#ESMAGANDO PALAVRAS# - GRAÇA FONTIS: ESCULTURA/Manoel Ferreira Neto: Aforismo
Corta-lhe o riso por inteiro. O coração acalentado por uma alegria boa.
Uma promessa de felicidade, criatividade em chamas.
Agora o palco vazio para caber a forma baia e ondulante que progride,
esmagando palavras. Só além das linhas se poderá ter alguma ideia, isto se
considerar uma entrega sem limites à busca de entendimento e compreensão,
conhecimento e saber, o que é absurdo de todo por ninguém estar disposto a in-vestigar
a linguagem e o estilo, avaliar a consciência e o conhecimento de alguém, dizer
o que dentro habita a sua alma, o que necessita tanto de saber para dar início
a alguma sabedoria, esta que mostra, apesar das nuances do tempo e das
situações a que ele está sujeito a todo momento, se assim pode dizer, isto sem
atrapalhar a ideia de que não lhe é dado saber o que realmente está com vontade
de dizer, tornar público, e que, daí por diante, ninguém mais se veja olhando,
observando as suas atitudes, ações, o que nelas discorda das palavras ditas,
escritas, pensadas e imaginadas, seguindo as invenções e criatividades que o
dom lhe dera a possibilidade de buscar realização ou um fracasso em limites e
fronteiras: brinca com as palavras, é precisamente isto que mais realiza quando
se entrega a esculpir de modo inteiramente inusitado, não havendo qualquer
respecto às leis da escrita, aos limites da criação, e daí nada mais pode dizer
que justifique, que lhe indique, embora só ele mesmo sabendo, nada dizendo,
nada registrando, buscando palavras que desmanchem o que de algum modo pode ser
intuído e percebido, cabendo à inteligência estabelecer a sabedoria existente
nestas palavras entre os afagos de querubins.

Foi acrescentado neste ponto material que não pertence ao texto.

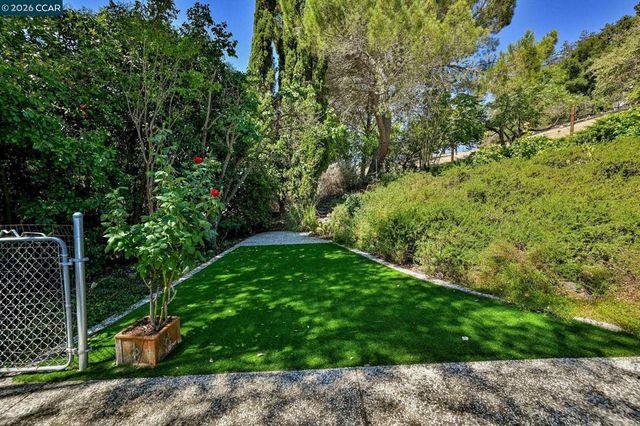 822 Regency Ct, Walnut Creek, CA 94597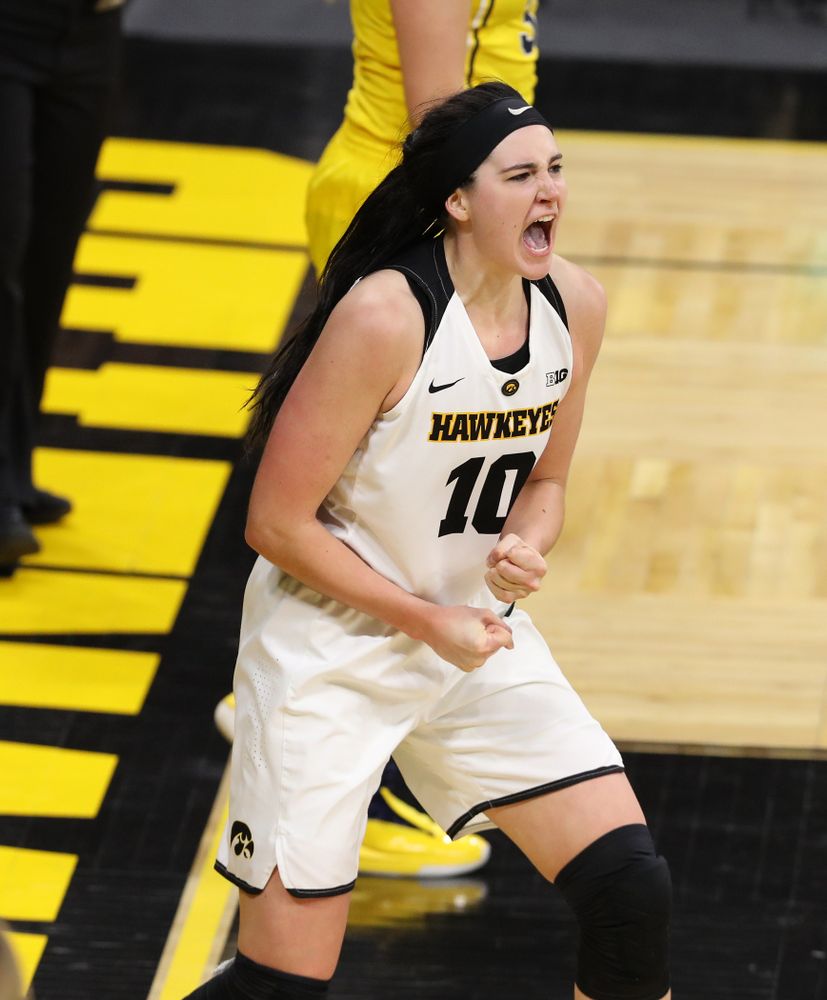 Iowa Hawkeyes forward Megan Gustafson (10) against the Michigan Wolverines Thursday, January 17, 2019 at Carver-Hawkeye Arena. (Brian Ray/hawkeyesports.com)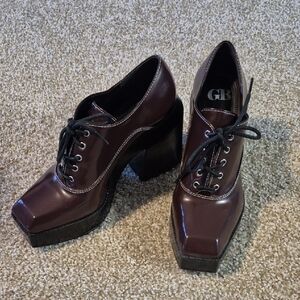 Gianni Bini Dark Brown Lace-Up Platform Shoes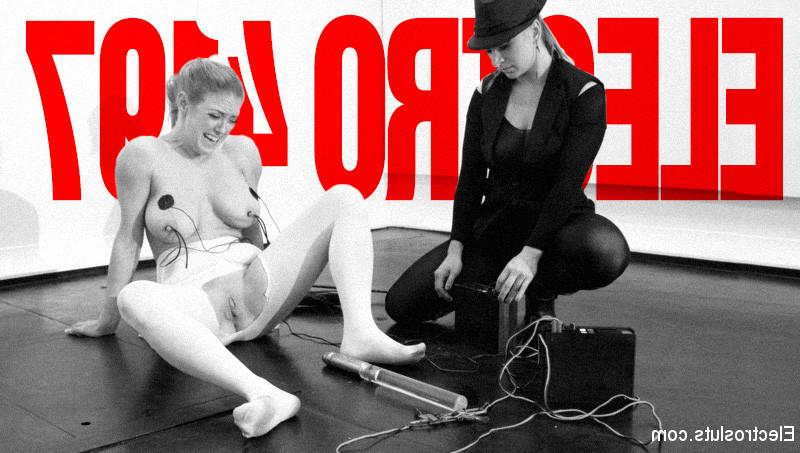 15P Outlaws lesbian sex: ELECTRO 4197 rebel against the status quo!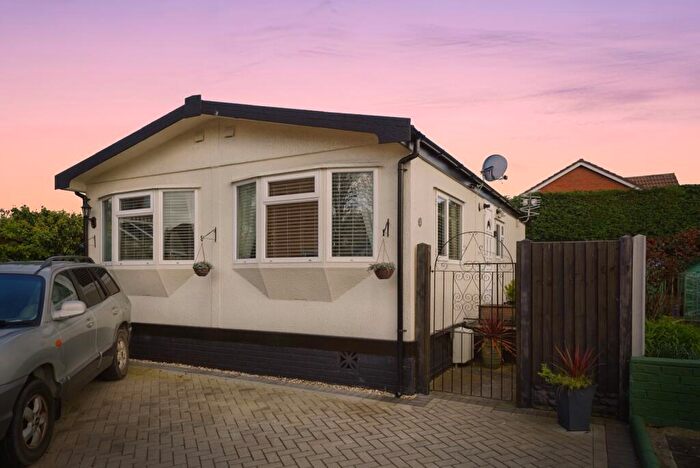 2 Bedroom Mobile Home For Sale In Lake House Park Homes, Stoke Road, Bishops Cleeve, Cheltenham, GL52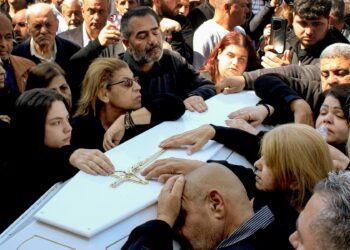 Křesťané z jižního Libanonu se shromáždili kolem rakve maronitského katolického kněze Pierra al-Rahiho, který zahynul 9. března při izraelském dělostřeleckém ostřelování. FOTO: Profimedia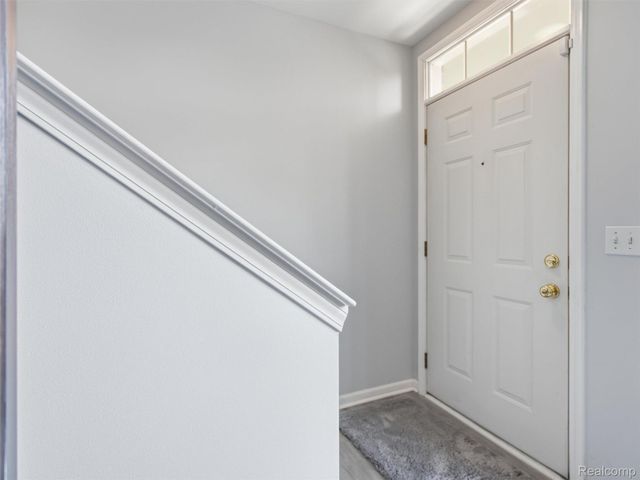 1528 Devon Lane, Troy, MI 48084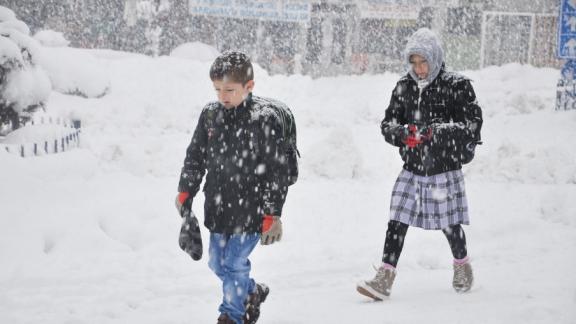 Yoğun Kar Yağışından Dolayı Bismil İlçemiz Sınırları Dahilindeki Resmi-Özel Tüm Okullar Bir Gün Tatil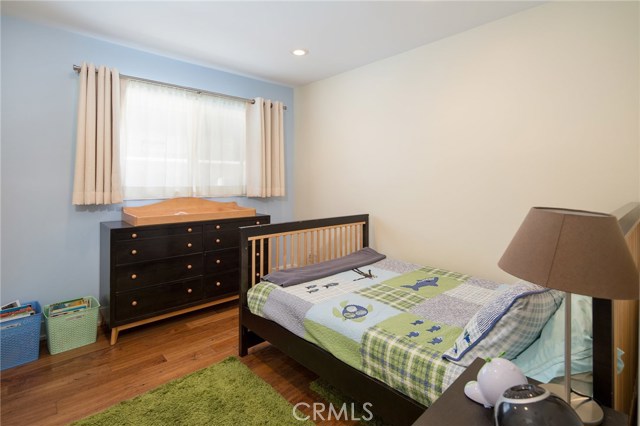 511 2nd Street, Hermosa Beach, California 90254, 3 Bedrooms Bedrooms, ,1 BathroomBathrooms,Residential,Sold,2nd,SB18098379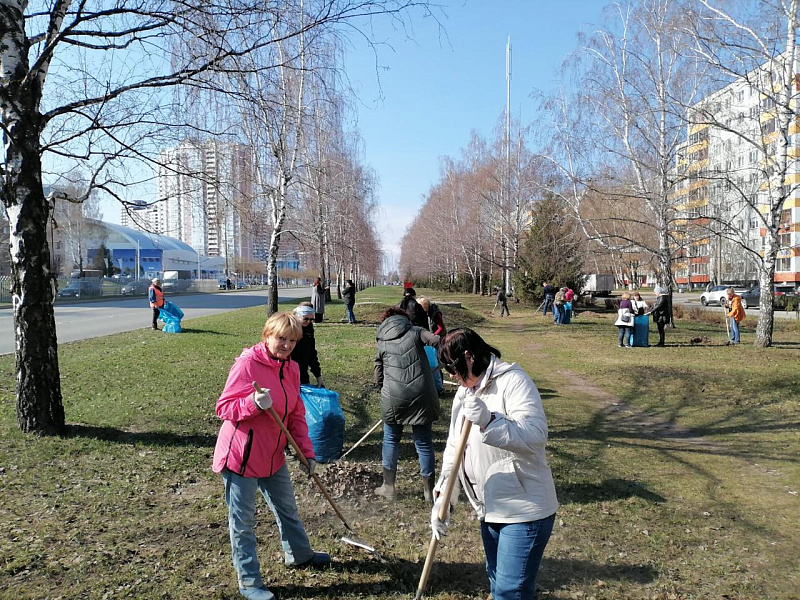 Субботники в Автозаводском районе продолжаются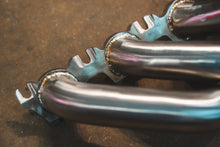 Load image into Gallery viewer, Audi R8 / Lamborghini Gallardo LP / Lamborghini Huracan Free Flow Headers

Havia esculpido a imagem de Nietzsche, uma espécie de homenagem ao
filósofo. Numa exposição de suas esculturas no Palácio das Artes, Belo
Horizonte, Minas Gerais, alguém lhe perguntara: "O que Nietzsche está
pensando?" Respondeu: "Pergunte a ele. Não se ressinta por ele não
ter voz e palavras para satisfazer a sua curiosidade." Lembrou-se de sua
saudosa amiga pintora Martha Moura dizer-lhe o que mais odiava era alguém
perguntar o que ela queria dizer com a pintura exposta, sempre respondendo ela
nada diz, quem diz é a pessoa; e também de um escritor: alguém lhe perguntara o
porquê de escrever na ortografia antiga, respondendo ele à pessoa: "Porque
sou mais velho que a cidade de Braga." Engraçado isto: os artistas sempre
tem respostas hilárias para as perguntas e considerações, despautérios do
público.
Um lugar de agradáveis discussões, a discussão do talento e do dom num
mundo em que se dá primazia ao simples, ao supérfluo, ao que responde pelos
interesses da ideologia e do modismo.